Now, I will list below your more intriguing distortions and then provide the actual statements set out in my piece “A Letter to that Nigerian-Palestinian”, which was a wake-up call to that citizen whose empathy has not roused him to stand in solidarity with the victims of tragedies going on in his house, but is now involved in the pro-Palestine campaign:

First, I wrote my letter to “that Nigerian-Palestinian”, did you notice the particular definite article used–that? Go back and read the title and note my refusal to pluralise the definite article. To pluralise, to use “the” for example, would mean generalising and you ought to know that that was deliberate, but your emotions seem to have dispossessed you of the elementary grammar chanted by kids–Singular and Plural. But then, that’s of lesser importance.
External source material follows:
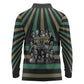 Black History Month Long Sleeve Polo Shirt Civil Rights Leaders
Of that Nigerian-Palestinian’s hypocrisy, I wrote: “You see, it’s not the way you internationalise your empathy that disturbs me, it’s this seeming pretence that all is well in your backyard while you weep over the blazing fire in faraway Gaza.” In self-defence, and stubborn exhibition of your trademark ignorance, you wrote: “You assume that my call for the world to stop the genocide in Gaza is a direct contradiction of my efforts, which you seem not to be aware of, to stop atrocities in my country.” Further, you state that “(w)e have been more than half as passionate about our problems than the happenings in Gaza.” Dear Mahmud, thank you very much for being just a little above HALF as passionate about Nigerian happenings as compared to Gaza’s. Surely, since you have not pretended that all is well in Nigeria, since you have even gone further to feel half as passionate about local happenings, you cannot yet be that Nigerian-Palestinian my letter is addressed to, can you? Did you miss the simple logic of this, Muhammad Mahmud? You also mentioned Pakistanis as examples of grieving people who stand up for Gaza, without acknowledging that they are not like “that Nigerian-Palestinian”, for they have never stopped fighting for the redemption of their country, and their famous daughter, Malala, who came to Nigeria as an NGO owner, even took a bullet to protect her country from the pervasive ideology of some psychopathic members of our “brotherhood of faith”.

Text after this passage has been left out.